### GIVEN DATA
__________

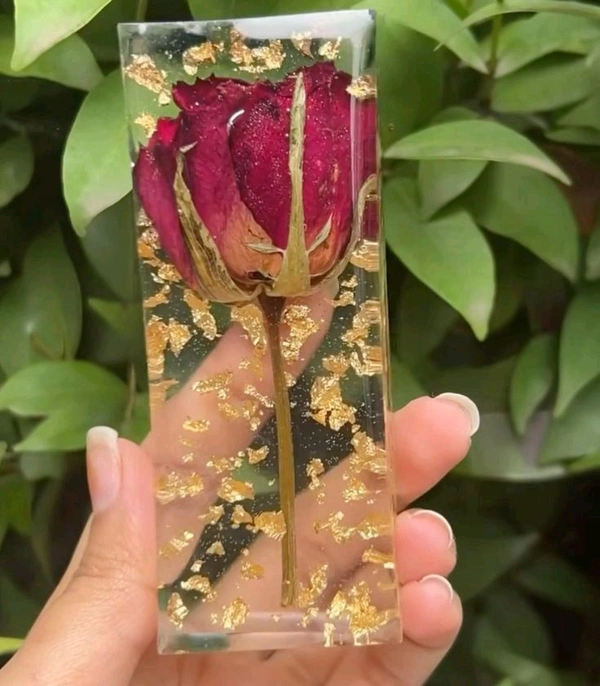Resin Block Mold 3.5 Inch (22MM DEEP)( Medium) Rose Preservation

__________

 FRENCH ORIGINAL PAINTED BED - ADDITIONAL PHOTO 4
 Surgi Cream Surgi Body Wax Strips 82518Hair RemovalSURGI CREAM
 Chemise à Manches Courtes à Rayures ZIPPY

__________

### PROBLEM DESCRIPTION
Considering only the material above, set down every line from the one with "FRENCH ORIGINAL PAINTED" to the one with "Chemise à Manches Courtes à Rayures ZIPPY", inclusive, exactly as written.

### FINISHED TASK
 FRENCH ORIGINAL PAINTED BED - ADDITIONAL PHOTO 4
 Surgi Cream Surgi Body Wax Strips 82518Hair RemovalSURGI CREAM
 Chemise à Manches Courtes à Rayures ZIPPY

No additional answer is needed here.